TYPES OF TESTICULAR CANCER
There are several different types of testicular cancers. The most
common type is seminoma, followed by embryonal carciroma, teratocarcinoma,
teratoma and pure carcinoma. The type of tumor determines its biological
behavior, thus, is important in making treatment recommendations.
It is not unusual to have multiple cell types in a given testicular
cancer (i.e. embryonal carcinoma and teratoma)
Some testicular tumors produce proteins, which can be detected in
the blood called tumor markers. The two most common tumor markers
produced by testicular cancer are alphafetoprotein(AFP) and human
chorionic gonadotropin(hCG). If testicular tumors are removed and
thereis persistent elevation of one of these tumor markers then one
has to assume that there is tumor remaining in the patient.
SIGNS AND SYMPTOMS
Most patients notice a mass or a pain or swelling in one testicle.
In about 10% of patients, acute pain is presenting symptom. In a small
percentage of patients, the first symptom are from metastases, including
neck mass, problems with breathing (cough or shortness of breath),
difficulty eating, abdominal pain, back pain or pain in the bones.
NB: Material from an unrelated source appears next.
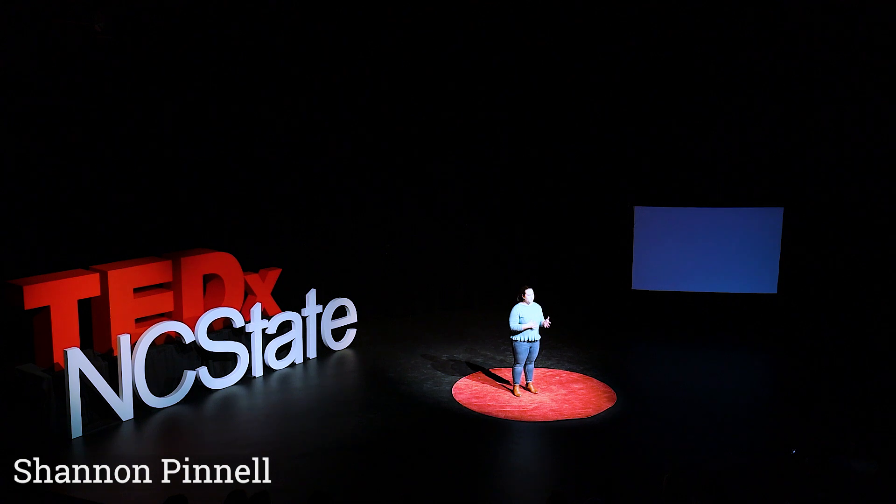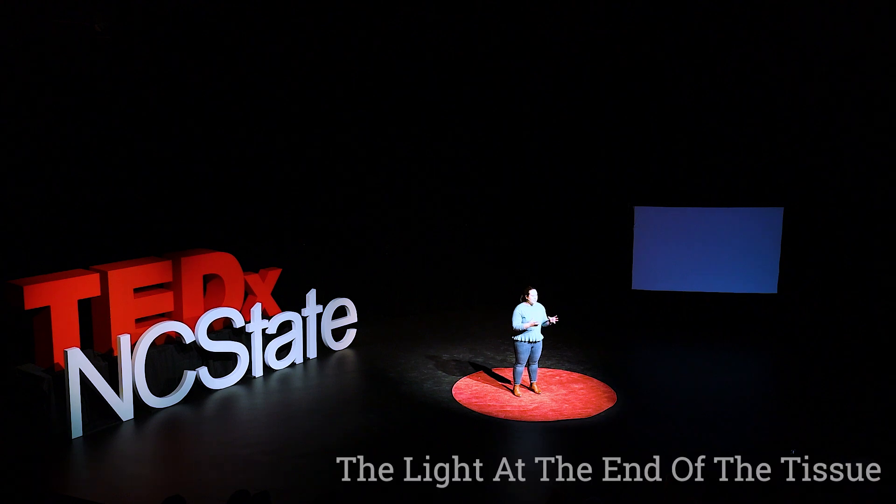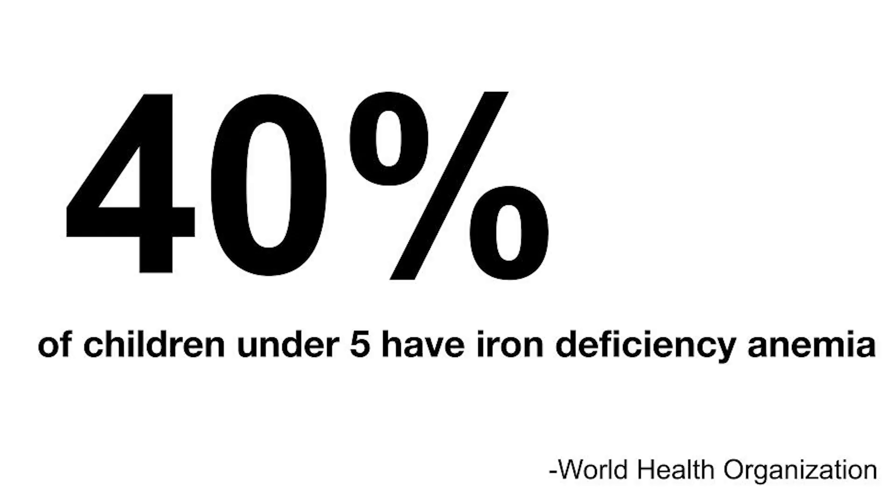The most common form of nutritional deficiency worldwide is iron deficiency anemia, or IDA. IDA is associated with things like decreased school performance, increased behavioral issues, and overall negative outcomes for children. The World Health Organization estimates that 40% of preschool-aged children have IDA.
Five percent of patients may have swelling of breast due to a hormonal
affect from the tumor.
SCREENING AND DIAGNOSIS
On examination, one feels a mass within the testicle. It is not unusual
to have small lumps in the epididymis, which is a tube adjacent to
the testicle, which helpstransport sperm, however, any unusual mass
should be evaluated by physician. Other diseases that can both cause
swelling or tenderness in the testicles, includes infection, fluid
around testicles, hernia or testicular torsion (twisting of the testicle
or one of its parts). An ultrasound examination of the scrotum and
testicle is the most reliable technique to evaluate for testicular
Early detection is important, so annual examination by a physician is recommended.
This is the best done in a warm shower and any suspicious areas examined
by a physician.
Staging is a classification system for testicular tumors that helps in making recommendations for treatment.
Testicular tumors are staged using the TNM system. Tumors are staged
based on the findings at the surgery to remove the testicle including;
the microscopic examination, X-ray, CT scan and other studies as indicated.